見晴らしの良い平原のど真ん中、ラーグが唐突に言い放つ。
「ルック、ちょっとデートしない?」
そんな一言から、僕等は今日デートをすることになった。
つきづきし
そもそもだ。僕等は今共に旅をしているのだから、デートなんてしなくてもいつも一緒にいて、色々なところを見て回っているのに。
……というか、デートってものがいまいちよく判らない。
「じゃあ、行こうか」
「う、うん」
僕の手を取って、ゆっくりと歩き出すラーグ。この旅を始めて、もう200年ばかりが経っただろうか。飽きることなく諸国を巡り、若かったあのころより世界を知った。
壊さなくて、よかったと。心の底から今は思う。グラスランドにも、訪れた。自然に溢れ、笑顔に満ち、「一生」を精一杯生きている人達を見て、昔を悔いた。それでも彼等は許しをくれて、僕は今ここにいる。

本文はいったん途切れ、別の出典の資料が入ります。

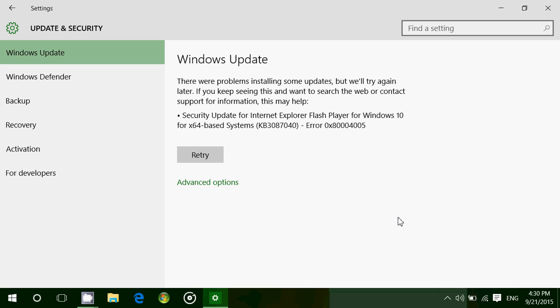So KB3087040, if you have this, let me know if it installs correctly on your computer or not. I have seen people that say that it installed correctly on some of their computers, but it does seem that this is a problematic update right now.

世界をラーグと巡り、色々な思いもしたけれど離れることはやっぱりできなくて。
…幸せだと、思う。
僕の手を握る人物の顔を見上げれば、視線に気付いて目があった。ラーグはにこにこ笑っていて、何がしたいのかわからない。とりあえず聞いてみる。
「あんた、何がしたいわけ?」
「だから、デート」
「そうじゃなくて…」
「まぁまぁルック。デートなんてすっごい久しぶりだしいいじゃないか」
僕、デートなんてしたことあったんだ。
「……」
「ルック?」
ため息を一つ、わざとらしく吐いてやる。腕を組んでしようかないという風に答える。
「つきあってあげるよ」
「ありがとう」
一度離された手を差し出され、僕はその手を取った。
始めにラーグが連れていってくれたのは、ファレナの末端にある古城だった。ここは、いつか来たときに見つけた場所。移動には転移を使った。
「ここになにかあるの?」
「城があるよ」
手は握られたままに、ラーグは言う。
「そんなのわかってるよ」
「ねぇルック。この城はもうずっと前の先人が建てたんだ。それでもなお形を保ち、所々朽ちながらも残っている」
見渡せば、外壁には蔦がびっしりと張り付き葉を茂らせている。石の壁や床には苔が生え、崩れた天井から射す陽の元では花が咲いている。
その光景に、思わず笑みが漏れる。
「じゃあ、次行こうか」
「え?」
ファレナの古城だけだと思っていた僕は、次に連れてこられた場所に驚いた。
「展覧会?」
「著名な画家のではないけれど、僕は好きなんだ」
最近見つけて、とラーグは言う。確かに、入り口に飾られている絵は僕も気に入った。有名ではないということもあり、人はあまり多くない。こういう気遣いに気付いたとき、無性に嬉しくなる。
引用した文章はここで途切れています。